COURT OF APPEAL OF THE STATE OF CALIFORNIA SECOND APPELLATE DISTRICT DIVISION FIVE
Jun 16, 2016
B261911 (Cal. Ct. App. Jun. 16, 2016)

Opinion

B261911

06-16-2016

WILLIAM MUNNS, Plaintiff and Appellant, v. SHAHROOZ ABOOTALEBI, Defendant and Respondent.

William Munns, in pro. per., for Plaintiff and Appellant. Gibbs Giden Locher Turner Senet & Wittbrodt, Gary E. Scalabrini and Philip C. Zvonicek, for Defendant and Respondent.

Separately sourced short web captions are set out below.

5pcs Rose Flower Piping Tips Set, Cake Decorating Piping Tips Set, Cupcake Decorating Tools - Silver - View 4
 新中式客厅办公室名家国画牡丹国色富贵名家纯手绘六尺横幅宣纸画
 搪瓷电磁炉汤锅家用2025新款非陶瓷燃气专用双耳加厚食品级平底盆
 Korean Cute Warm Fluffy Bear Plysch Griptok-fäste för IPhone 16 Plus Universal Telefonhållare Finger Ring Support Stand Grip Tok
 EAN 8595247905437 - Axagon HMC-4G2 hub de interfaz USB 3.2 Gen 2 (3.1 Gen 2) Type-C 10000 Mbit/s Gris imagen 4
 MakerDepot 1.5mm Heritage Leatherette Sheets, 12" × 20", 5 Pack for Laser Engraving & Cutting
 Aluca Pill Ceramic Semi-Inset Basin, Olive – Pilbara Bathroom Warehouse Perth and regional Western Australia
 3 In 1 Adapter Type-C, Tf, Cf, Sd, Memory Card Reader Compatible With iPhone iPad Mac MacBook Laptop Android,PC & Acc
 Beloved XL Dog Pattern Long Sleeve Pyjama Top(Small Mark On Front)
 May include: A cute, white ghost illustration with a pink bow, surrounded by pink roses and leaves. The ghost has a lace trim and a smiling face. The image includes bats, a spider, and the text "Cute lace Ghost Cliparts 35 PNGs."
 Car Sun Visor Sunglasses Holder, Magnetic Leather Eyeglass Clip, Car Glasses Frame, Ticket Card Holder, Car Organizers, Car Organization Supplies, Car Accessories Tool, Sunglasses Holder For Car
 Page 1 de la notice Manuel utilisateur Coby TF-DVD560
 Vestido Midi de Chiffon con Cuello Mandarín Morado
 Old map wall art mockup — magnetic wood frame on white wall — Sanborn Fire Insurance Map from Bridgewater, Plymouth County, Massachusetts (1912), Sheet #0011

NOT TO BE PUBLISHED IN THE OFFICIAL REPORTS

California Rules of Court, rule 8.1115(a), prohibits courts and parties from citing or relying on opinions not certified for publication or ordered published, except as specified by rule 8.1115(b). This opinion has not been certified for publication or ordered published for purposes of rule 8.1115. (Los Angeles County Super. Ct. No. LC095901) APPEAL from an order of the Superior Court of Los Angeles County, Frank J. Johnson, Judge. Affirmed. William Munns, in pro. per., for Plaintiff and Appellant. Gibbs Giden Locher Turner Senet & Wittbrodt, Gary E. Scalabrini and Philip C. Zvonicek, for Defendant and Respondent.

I. INTRODUCTION

Plaintiff, William Munns, appeals from an order denying his motion for mandatory relief made pursuant to Code of Civil Procedure section 473, subdivision (b). Plaintiff made the motion after the trial court dismissed the case without prejudice after he failed to appear at a mandatory settlement conference. Plaintiff argues he is entitled to have the dismissal set aside because he satisfies the requirements for mandatory relief under section 473, subdivision (b). However, plaintiff admits the trial court found the motion was not properly served on counsel for defendant, Shahrooz Abootalebi. Plaintiff argues the evidence is insufficient to support a finding of lack of service of the motion to set aside the dismissal and this appeal should proceed as an uncontested matter. We disagree. Based upon the record provided, substantial evidence supports the trial court's finding that the motion to set aside the dismissal was not served on defendant. And we conclude this appeal should not under any circumstances proceed as an uncontested matter. We thus affirm the order of dismissal.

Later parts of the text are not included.